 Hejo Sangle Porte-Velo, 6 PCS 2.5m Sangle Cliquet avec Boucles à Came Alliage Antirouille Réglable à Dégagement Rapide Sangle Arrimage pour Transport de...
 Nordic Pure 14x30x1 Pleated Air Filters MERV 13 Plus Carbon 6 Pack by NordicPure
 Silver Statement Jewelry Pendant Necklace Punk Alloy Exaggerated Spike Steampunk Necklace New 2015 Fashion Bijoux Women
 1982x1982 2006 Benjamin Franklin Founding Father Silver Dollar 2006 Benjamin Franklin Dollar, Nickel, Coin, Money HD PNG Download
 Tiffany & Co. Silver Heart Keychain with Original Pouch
* * *
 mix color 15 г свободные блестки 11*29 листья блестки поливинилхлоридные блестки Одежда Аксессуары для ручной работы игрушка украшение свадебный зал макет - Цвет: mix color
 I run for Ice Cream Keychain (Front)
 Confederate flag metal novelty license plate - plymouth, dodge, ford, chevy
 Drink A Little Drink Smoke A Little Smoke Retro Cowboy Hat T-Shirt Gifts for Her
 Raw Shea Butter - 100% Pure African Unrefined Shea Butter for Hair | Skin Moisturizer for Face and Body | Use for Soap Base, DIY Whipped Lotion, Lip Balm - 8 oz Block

* WORK REQUIRED *
Transcribe the lines above between the line holding "Drink A Little" and the line holding "Raw Shea Butter", inclusive, exactly as they stand and with nothing added.

* EXERCISE SOLUTION *
 Drink A Little Drink Smoke A Little Smoke Retro Cowboy Hat T-Shirt Gifts for Her
 Raw Shea Butter - 100% Pure African Unrefined Shea Butter for Hair | Skin Moisturizer for Face and Body | Use for Soap Base, DIY Whipped Lotion, Lip Balm - 8 oz Block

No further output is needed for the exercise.